En su mensaje Monseñor Guido recordó que el Padre Vicente fue su alumno en el Seminario Mayor, quien era un buen seminarista y muy aplicado en sus estudios; y que durante sus tres años como Obispo ha visto en él un pastor entregado y dispuesto a darse a sus feligreses, es realmente un hombre de Dios y entregado a su pueblo.  
También explico que San Pablo nos habla sobre el amor que es el mayor de los dones y carisma que nos ha dado Dios y nos invita a vivir en este valor, especialmente los matrimonios para que perduren debe existir un verdadero amor.
Compartió la bonita  Lectura de 1Corintios 13, 4-9 “El amor es paciente, es bondadoso. El amor no es envidioso ni jactancioso ni orgulloso. No se comporta con rudeza, no es egoísta, no se enoja fácilmente, no guarda rencor. El amor no se deleita en la maldad sino que se regocija con la verdad.  Todo lo disculpa, todo lo cree, todo lo espera, todo lo soporta. El amor jamás se extingue, mientras que el don de profecía cesará, el de lenguas será silenciado y el de conocimiento desaparecerá. Porque conocemos y profetizamos de manera imperfecta;pero cuando llegue lo perfecto, lo imperfecto desaparecerá.”

Pablo de Tarso
San Pablo nació en Tarso, Cilicia (actual Turquía), su padre era ciudadano romano. Creció en el seno de una familia en la que la piedad era hereditaria y muy ligada a las tradiciones y observancias fariseas. Le pusieron de nombre Saulo, y como también era ciudadano romano llevaba el nombre latino de Pablo (Paulo).
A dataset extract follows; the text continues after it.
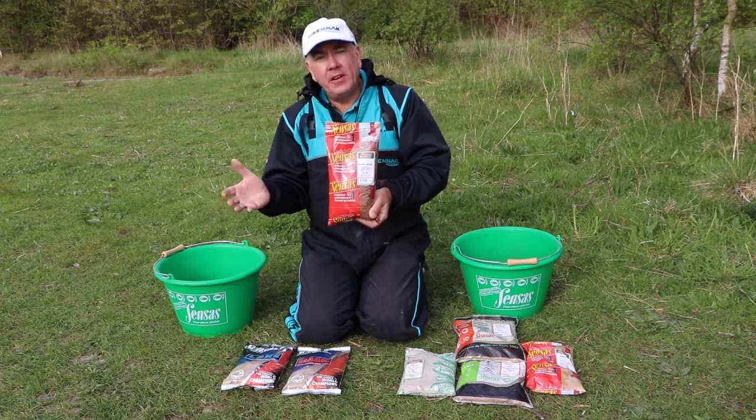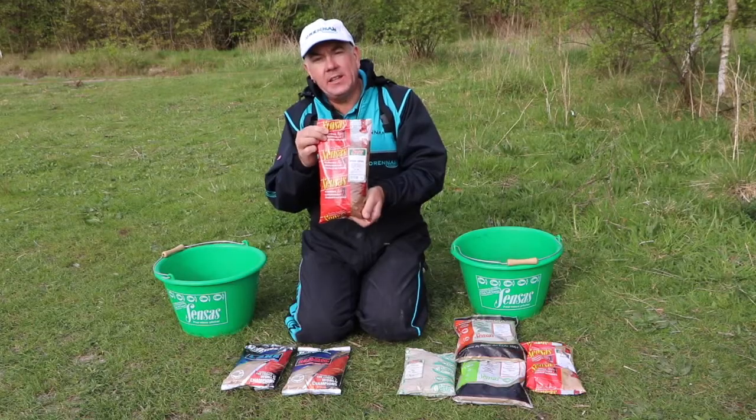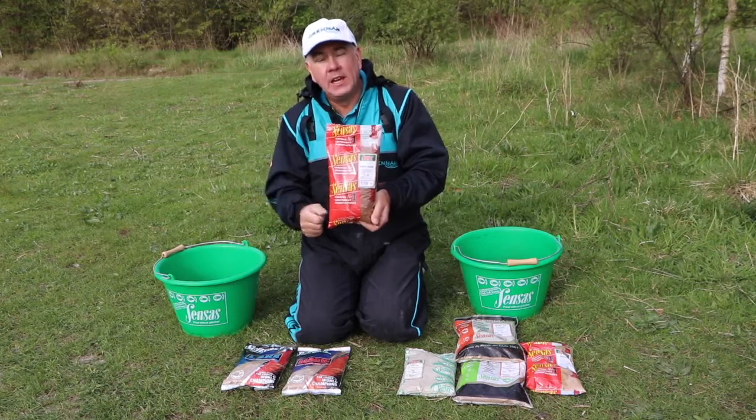For a period in my fishing I stopped using Brown Crumb and I felt that my results dropped off a little bit, and as soon as I started adding this back to the mixers I felt that things improved.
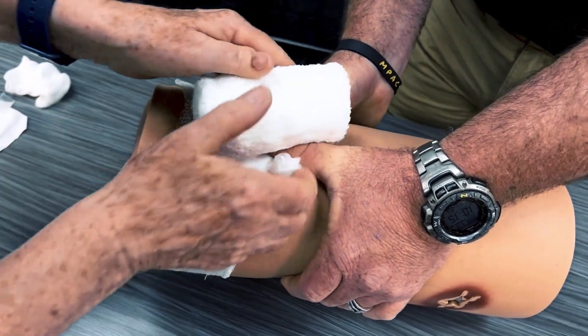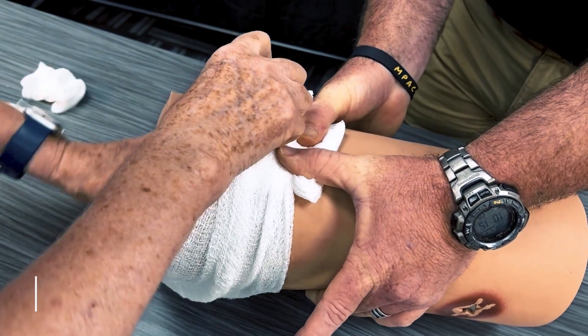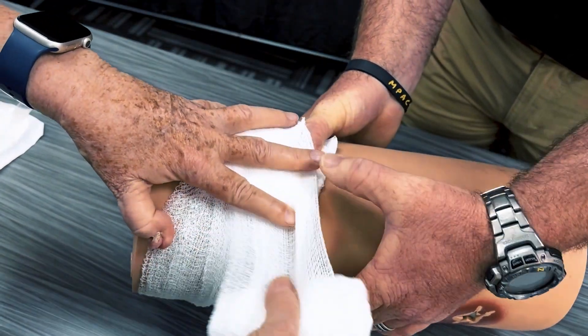Frequently reevaluate the patient and the wound for re-bleeding. Do not remove the bandage unless bleeding continues. If needed, repeat the process to obtain hemorrhage control.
Cada 25 de enero, la Iglesia Católica celebra el día en que San Pablo -entonces llamado Saulo- alcanzó la conversión camino a Damasco, a donde se dirigía para perseguir a los cristianos.
Como se recuerda, camino a Damasco Saulo fue derribado del caballo por el mismo Jesús a través de una luz del cielo que brilló sobre él y sus compañeros, cegándolo por espacio de tres días. Durante ese tiempo, Saulo permaneció en casa de un judío llamado Judas, sin comer ni beber.
El cristiano Ananías, por pedido de Cristo, fue al encuentro de Saulo, quien recuperó la vista y se convirtió, accediendo al bautismo y predicando en las sinagogas al Hijo de Dios, con gran asombro de sus oyentes. Así, el antiguo perseguidor se convirtió en apóstol y fue elegido por Dios como uno de sus principales instrumentos para la conversión del mundo.